I say this every damn year: “I am NOT doing Christmas any more!” Then I’ll take another swig of badger blood and throw another hamster onto the fire. It’s not just the usual complaints: the expense, the jingle-jangle of the most gut-wrenching songs, not getting that Batman skateboard when I was eight. There is one much overlooked aspect to this holiday season which is driving me to quaff the blood of innocent animals.

And it’s the phrase: “The perfect gift for Christmas!”

Now, there is absolutely no escaping this marketing choice of words. No doubt you’ll have already seen or heard it at some point (possibly while reading this). And if you haven’t then I severely envy you and your cave-dwelling kind.

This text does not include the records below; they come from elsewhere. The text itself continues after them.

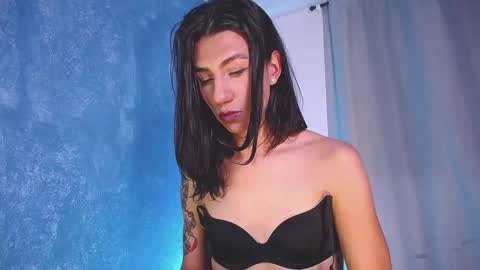 Sofi online show from 01-02-25, 07:07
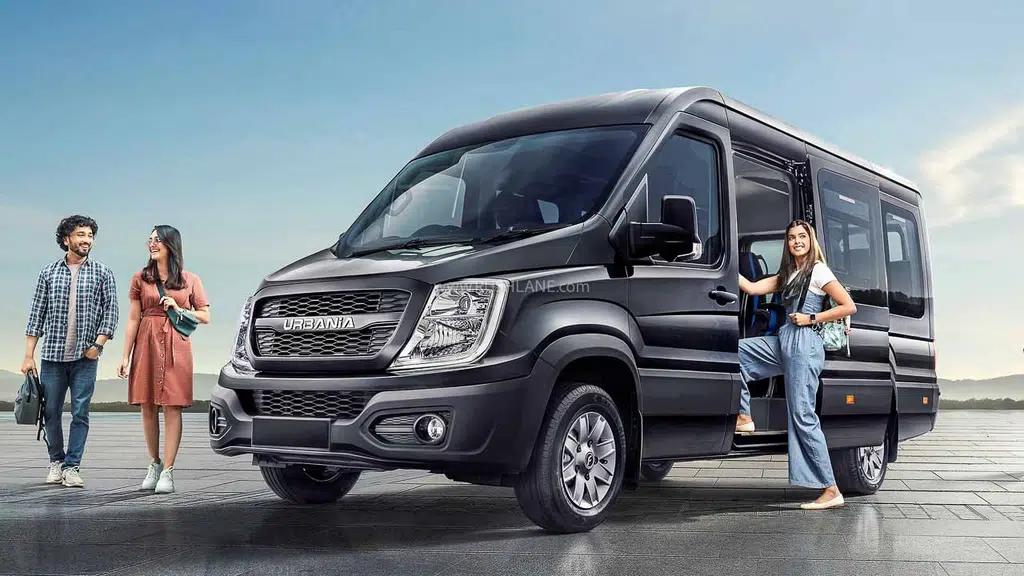 Balaji Tours And Travels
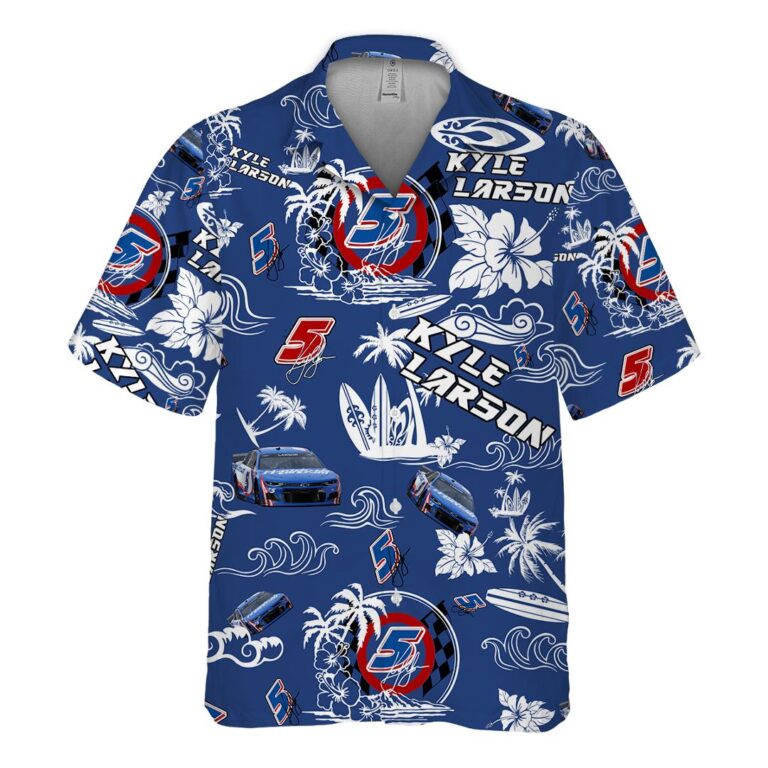 Nascar store - Loyal fans of Kyle Larson's Unisex Hawaiian Shirt,Unisex Button Shirt,Unisex Baseball Jerseys,Unisex Short Pants,Kid Hawaiian Shirt,Kid Button Shirt,Kid Short Pants,Kid Baseball Jerseys,Youth Baseball Jerseys:vintage nascar racing suit,uniform,apparel,shirts,merch,hoodie,jackets,shorts,sweatshirt,outfits,clothes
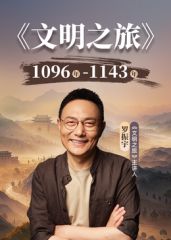 极品少妇：高颜值，肤白貌美，粉嫩骚逼，吞大屌，抠逼调教，无套后入猛艹，射背上！ - 蜜雪冰城
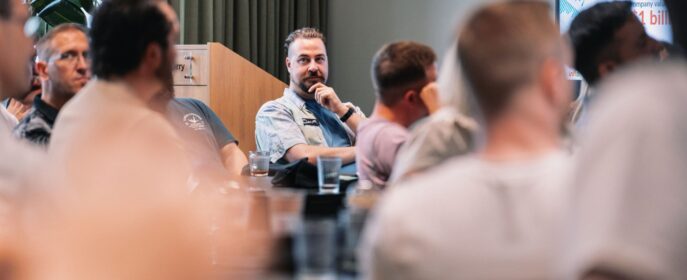 The best ways to leverage Data Analytics within Inflo Workpapers and empower auditors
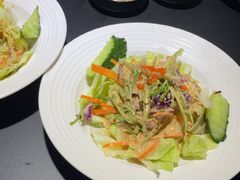 -春田小幸铁板烧(忠义街店)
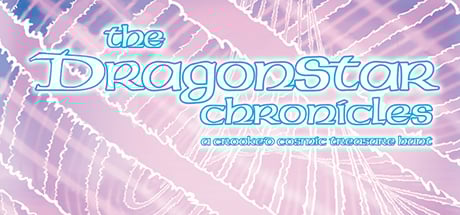 The DragonStar Chronicles: Book 1 – Sofi’s Diary
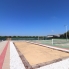 Re-Sale - Country Property - Benferri - Benferri - Country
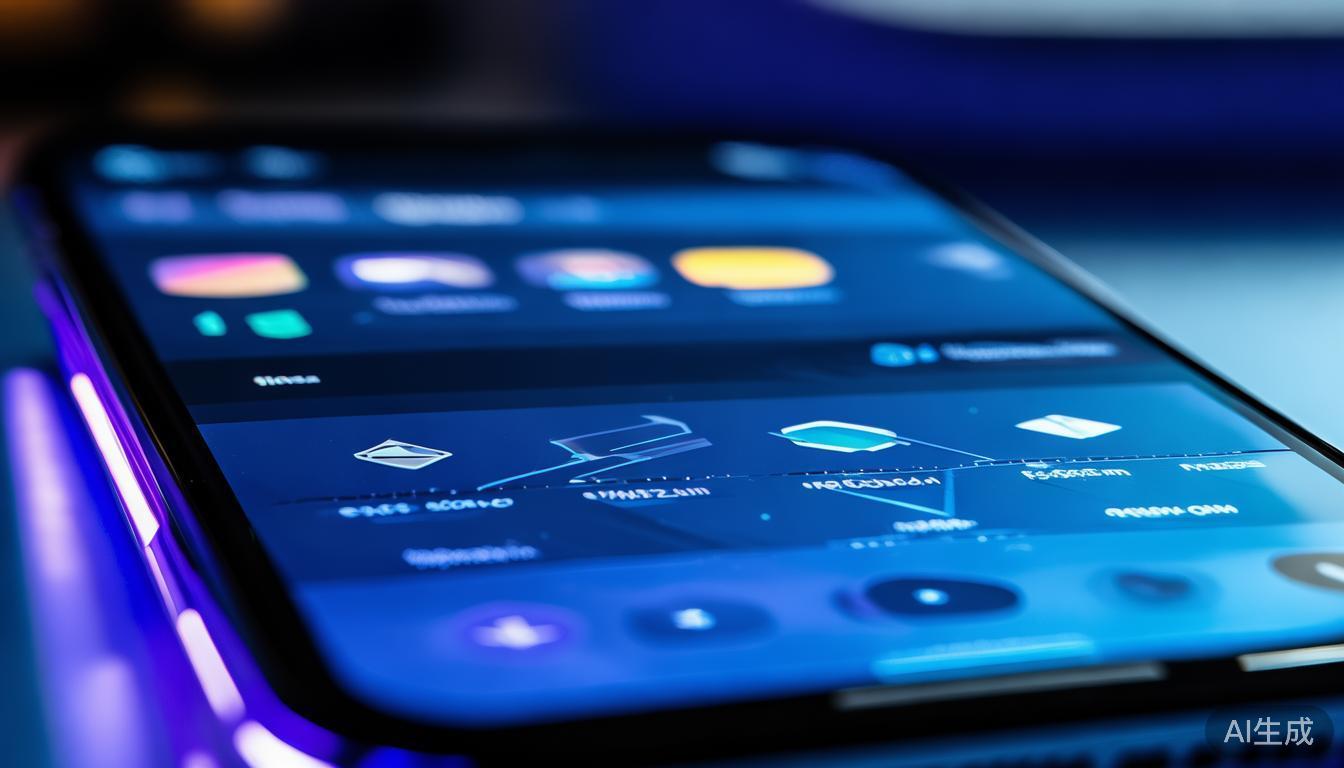 ImToken 2.0：数字货币管理工具，私钥自持保障资产安全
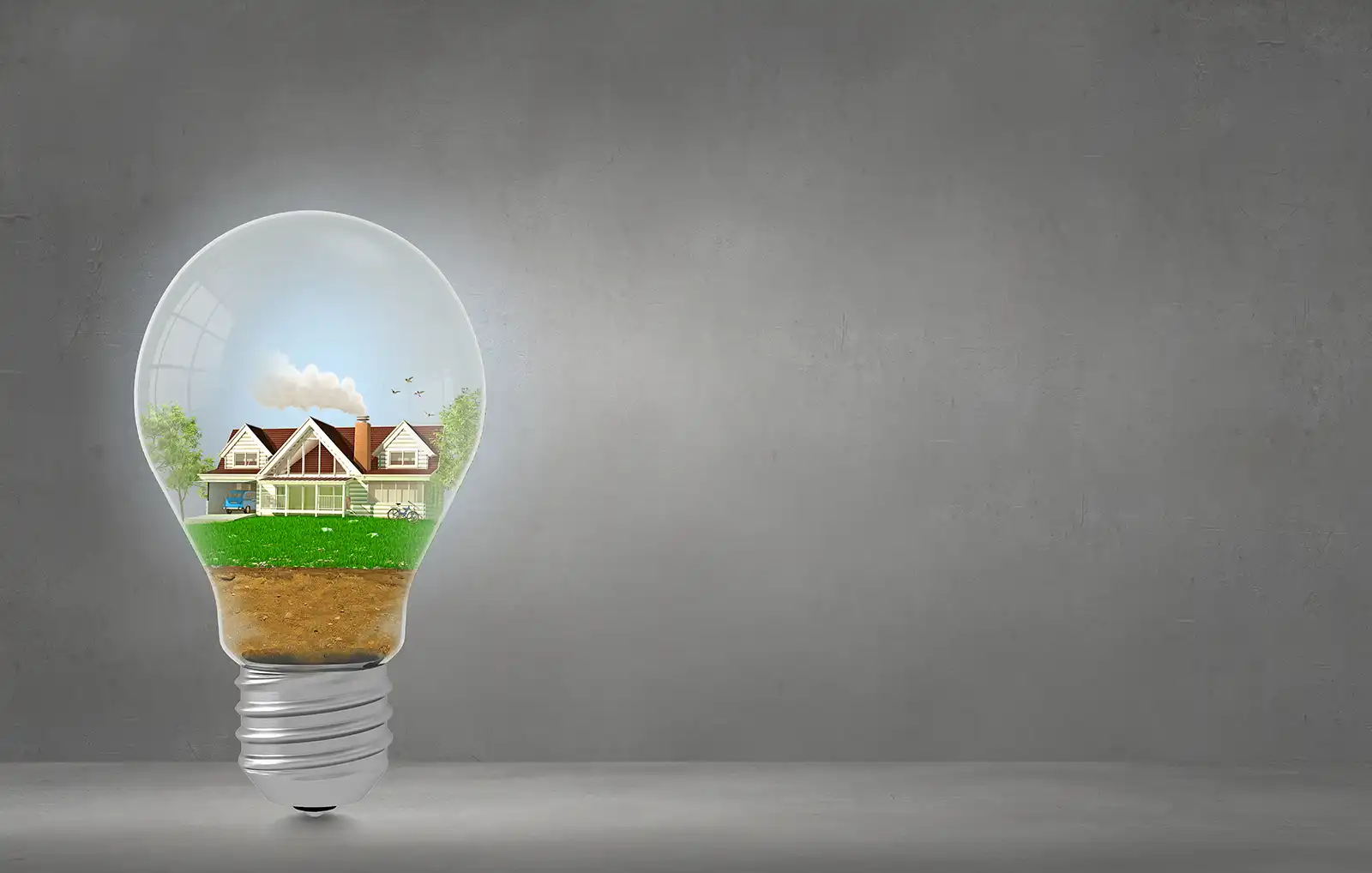 Bioedilizia e comfort abitativo: come la casa ecologica migliora la qualità della vita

That little tagged on phrase at the end of an advert for jewellery or robot sex toy. And it’s obviously used as a last ditch attempt to drum up extra interest in said item. The thing about this phrase is that it’s wholly wrong on every level. Not to mention the fact that it’s also an empty saying. But that could be down to the number of times it’s used throughout the day. Seriously, just watch a few hours worth of adverts from now until December 24th (you people don’t have jobs, right?) and mentally take note of how many times you see or hear this motto or its variants (you don’t have hobbies either, do you?)

And it’s wrong because it can’t possibly be true. How can an item that’s been given 40-seconds of airtime be the absolute cornerstone of everyone’s Christmas shopping list? What’s perfect for one person may be diarrhoea on toast for someone else. More to the point: if it were the perfect present (conveniently advertised at the most consumer-driven time of the year in the Western hemisphere) why are there so many of these so-called ‘perfect gifts’? Surely if there really was a present that had reached perfection there would be only one product. It’s perfect, there is no need for anything else. This thing is the elixir for the modern person.

If I see a WH Smith advert for a pseudo-famous celebrity biography or a HMV one for a new CD that runs the gamut of the entire chart list before the end of the year where it’s then promptly taken out the back and shot in the lyrics booklet, I’m not thinking “Well, I should buy that if they’re saying it’s perfect. Put down that shrivelled badger and let’s hit the shops!”

No, what I’m thinking is: “Wow, you mean there’s an item that is a combined vomiting cash machine, genital pleaser, neck masseuse, Dawn French-impersonating, cocktail mixing pile of Angel Delight-esque awesome in the guise of a hardback book? With extra sex?”

See…that is about as close as I am going to get to my idea of a perfect gift. And even that’s flawed. The idea behind a perfect gift is also flawed for the previously stated reasons. Perfection is a biased and absurd concept that is always, always, an impossible goal to reach. Perfection means striving for some end product that is just not there. And even if it were there and it was reachable all that happens then is people descend into mediocrity, having accomplished infallability.

Now if you’ll excuse me I have some reindeer to zest.

  1. RevNick says:

    Wow, I finally found your blog. This truly is the perfect gift for Christmas!